The Explosion of the Steamer “Sultana” = The Pension File of Angeline F. Gamble

September 2, 2016

Angeline F. Thompson married Moses Gamble on May 28, 1852.

That’s what her pension file says.

Her pension file is unlike the others that I have posted. Usually the soldier gets a pension, and then his widow applies for it.

In this case, Moses Gamble was never able to apply for a pension after the Civil War, because he was killed in the explosion of the steamer “Sultana” on April 27, 1865. There is much good info available about the “Sultana” and what led up to its explosion. You can do an internet search and see what the scholars have to say. What I know is this: Moses had been a prisoner of war, and was released and on his way home when he was lost in the explosion. That’s the term the pension file uses: “lost”. Not killed, or wounded, or missing in action.

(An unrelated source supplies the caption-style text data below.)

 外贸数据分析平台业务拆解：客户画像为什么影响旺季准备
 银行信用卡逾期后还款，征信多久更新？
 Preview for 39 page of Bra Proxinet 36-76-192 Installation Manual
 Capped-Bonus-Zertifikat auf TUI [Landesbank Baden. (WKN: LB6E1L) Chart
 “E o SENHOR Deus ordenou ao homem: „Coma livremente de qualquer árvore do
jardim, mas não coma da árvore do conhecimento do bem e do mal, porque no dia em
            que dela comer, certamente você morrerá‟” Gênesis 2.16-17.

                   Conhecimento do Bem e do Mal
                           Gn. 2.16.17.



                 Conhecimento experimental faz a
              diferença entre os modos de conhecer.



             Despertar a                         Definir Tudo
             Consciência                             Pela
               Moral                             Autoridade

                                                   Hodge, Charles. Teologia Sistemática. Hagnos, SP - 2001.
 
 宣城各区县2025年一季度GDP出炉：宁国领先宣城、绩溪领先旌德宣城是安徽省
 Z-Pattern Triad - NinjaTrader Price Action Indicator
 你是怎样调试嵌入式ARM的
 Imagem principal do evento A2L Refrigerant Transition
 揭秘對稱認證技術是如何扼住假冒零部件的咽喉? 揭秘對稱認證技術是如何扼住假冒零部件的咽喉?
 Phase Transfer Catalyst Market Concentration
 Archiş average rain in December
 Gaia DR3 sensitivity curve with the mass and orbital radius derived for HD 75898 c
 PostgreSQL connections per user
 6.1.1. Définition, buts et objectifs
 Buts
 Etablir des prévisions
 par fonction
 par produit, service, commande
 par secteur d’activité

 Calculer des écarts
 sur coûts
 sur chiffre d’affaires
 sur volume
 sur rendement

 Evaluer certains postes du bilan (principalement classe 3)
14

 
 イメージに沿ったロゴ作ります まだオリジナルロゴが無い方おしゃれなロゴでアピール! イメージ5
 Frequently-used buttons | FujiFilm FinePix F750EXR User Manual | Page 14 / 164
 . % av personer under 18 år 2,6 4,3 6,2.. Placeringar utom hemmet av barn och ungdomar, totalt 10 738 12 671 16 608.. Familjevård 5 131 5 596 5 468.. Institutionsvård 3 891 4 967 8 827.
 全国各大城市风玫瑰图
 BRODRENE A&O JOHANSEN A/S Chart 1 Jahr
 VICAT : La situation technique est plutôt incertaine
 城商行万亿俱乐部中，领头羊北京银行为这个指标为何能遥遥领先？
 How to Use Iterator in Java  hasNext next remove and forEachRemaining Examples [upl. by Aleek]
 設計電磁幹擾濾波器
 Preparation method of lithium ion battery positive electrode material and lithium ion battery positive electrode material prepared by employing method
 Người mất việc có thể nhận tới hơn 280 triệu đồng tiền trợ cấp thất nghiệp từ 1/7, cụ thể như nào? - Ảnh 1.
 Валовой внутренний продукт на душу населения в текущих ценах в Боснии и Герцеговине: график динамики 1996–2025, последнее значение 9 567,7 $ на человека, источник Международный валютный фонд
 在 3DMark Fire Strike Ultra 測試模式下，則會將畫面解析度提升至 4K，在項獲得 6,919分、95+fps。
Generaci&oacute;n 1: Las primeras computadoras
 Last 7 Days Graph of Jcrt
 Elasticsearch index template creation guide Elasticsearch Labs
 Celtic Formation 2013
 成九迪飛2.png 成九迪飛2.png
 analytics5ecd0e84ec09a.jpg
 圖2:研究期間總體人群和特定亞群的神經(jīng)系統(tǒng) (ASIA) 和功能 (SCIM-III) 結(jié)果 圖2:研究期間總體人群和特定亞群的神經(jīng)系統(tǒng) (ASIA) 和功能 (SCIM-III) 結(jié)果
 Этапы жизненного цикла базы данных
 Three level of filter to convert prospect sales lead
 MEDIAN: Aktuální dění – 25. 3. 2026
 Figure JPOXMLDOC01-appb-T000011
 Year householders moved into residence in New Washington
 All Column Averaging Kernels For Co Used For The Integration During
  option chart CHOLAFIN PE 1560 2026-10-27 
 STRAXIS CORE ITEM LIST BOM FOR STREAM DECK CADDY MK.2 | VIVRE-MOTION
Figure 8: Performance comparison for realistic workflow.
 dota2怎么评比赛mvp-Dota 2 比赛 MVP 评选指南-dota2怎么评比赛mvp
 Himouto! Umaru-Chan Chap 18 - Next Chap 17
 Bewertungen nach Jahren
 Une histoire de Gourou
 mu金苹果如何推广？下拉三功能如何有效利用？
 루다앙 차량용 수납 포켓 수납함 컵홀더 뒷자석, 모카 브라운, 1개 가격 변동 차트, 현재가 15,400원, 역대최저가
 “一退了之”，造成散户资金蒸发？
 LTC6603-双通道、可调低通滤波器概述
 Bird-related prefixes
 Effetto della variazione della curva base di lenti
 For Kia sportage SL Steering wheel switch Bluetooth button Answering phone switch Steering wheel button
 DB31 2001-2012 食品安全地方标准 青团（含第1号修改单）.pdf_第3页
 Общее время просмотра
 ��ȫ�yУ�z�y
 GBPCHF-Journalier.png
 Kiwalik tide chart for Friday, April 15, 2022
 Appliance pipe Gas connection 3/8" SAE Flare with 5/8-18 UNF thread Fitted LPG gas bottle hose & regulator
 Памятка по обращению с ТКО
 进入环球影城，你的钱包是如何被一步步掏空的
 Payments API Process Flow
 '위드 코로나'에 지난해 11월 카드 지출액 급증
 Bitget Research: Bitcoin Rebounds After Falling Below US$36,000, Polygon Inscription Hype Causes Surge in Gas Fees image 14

Angeline applied for a pension based on his service. Moses was admitted as a private on September 18, 1862, to Company A, 3rd Tennessee Cavalry Volunteers. I suppose the crops had been gathered, and he joined the service of the U.S. to supplement his income. Other members of his extended family had joined.

He left two children, Alexander Breckinridge Gamble and Elizabeth Louisa Gamble. Angeline received the pension on August 4, 1866, which was made retroactive to the date of the explosion of the steamer “Sultana”. She was awarded $8 per month.

Those of you who know math, and how to apply it to practical life, will see that the younger child, Elizabeth Louisa Gamble, was born 8 1/2 months after her father mustered in.

Angeline never remarried. She would have lost her pension.

Good night, Gamble family. We’re thinking of you.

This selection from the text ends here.